● **TASK PROMPT**
Check every line of the following material for the word "House", then say how many have it, with no other words.

EXTRACTED RECORDS below:

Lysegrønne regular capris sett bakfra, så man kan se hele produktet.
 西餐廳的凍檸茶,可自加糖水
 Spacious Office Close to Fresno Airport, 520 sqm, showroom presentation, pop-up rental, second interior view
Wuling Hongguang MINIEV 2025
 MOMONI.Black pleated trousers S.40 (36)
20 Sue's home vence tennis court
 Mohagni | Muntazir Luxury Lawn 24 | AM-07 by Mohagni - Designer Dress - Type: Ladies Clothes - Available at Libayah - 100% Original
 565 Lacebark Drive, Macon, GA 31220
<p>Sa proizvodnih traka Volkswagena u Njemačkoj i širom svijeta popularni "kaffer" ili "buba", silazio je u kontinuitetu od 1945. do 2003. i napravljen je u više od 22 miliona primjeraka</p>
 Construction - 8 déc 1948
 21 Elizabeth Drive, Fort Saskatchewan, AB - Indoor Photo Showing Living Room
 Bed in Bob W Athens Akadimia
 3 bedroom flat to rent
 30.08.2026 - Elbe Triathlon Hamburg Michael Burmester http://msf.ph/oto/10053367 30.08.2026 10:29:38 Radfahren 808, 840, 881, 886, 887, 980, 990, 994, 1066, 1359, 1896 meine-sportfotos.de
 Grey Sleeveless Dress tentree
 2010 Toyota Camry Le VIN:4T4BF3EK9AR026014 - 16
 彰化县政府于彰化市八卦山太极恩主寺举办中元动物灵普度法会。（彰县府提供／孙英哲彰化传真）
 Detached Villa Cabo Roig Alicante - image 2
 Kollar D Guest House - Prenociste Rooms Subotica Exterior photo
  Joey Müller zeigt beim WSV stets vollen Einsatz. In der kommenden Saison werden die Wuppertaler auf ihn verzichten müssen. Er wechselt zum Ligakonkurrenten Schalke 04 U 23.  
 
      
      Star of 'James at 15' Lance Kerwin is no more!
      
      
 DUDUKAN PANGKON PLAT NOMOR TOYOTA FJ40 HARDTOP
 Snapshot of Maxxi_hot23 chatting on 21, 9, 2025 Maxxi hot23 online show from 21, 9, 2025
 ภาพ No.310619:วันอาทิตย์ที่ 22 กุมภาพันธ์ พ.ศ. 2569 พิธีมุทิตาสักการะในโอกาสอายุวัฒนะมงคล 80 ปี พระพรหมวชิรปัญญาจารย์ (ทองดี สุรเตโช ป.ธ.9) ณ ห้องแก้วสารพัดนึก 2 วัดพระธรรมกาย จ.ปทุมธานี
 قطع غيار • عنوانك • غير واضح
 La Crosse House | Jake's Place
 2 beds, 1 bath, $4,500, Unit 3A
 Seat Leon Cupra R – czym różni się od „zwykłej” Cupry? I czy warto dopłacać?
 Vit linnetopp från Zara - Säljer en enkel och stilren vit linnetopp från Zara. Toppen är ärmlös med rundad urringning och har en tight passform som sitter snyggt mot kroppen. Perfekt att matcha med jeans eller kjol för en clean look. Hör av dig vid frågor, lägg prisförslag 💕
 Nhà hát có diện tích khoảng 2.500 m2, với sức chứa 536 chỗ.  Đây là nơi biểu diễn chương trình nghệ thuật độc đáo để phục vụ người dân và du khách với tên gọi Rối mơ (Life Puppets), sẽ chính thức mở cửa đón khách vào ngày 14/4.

End of EXTRACTED RECORDS.

● **PROBLEM SOLUTION**
2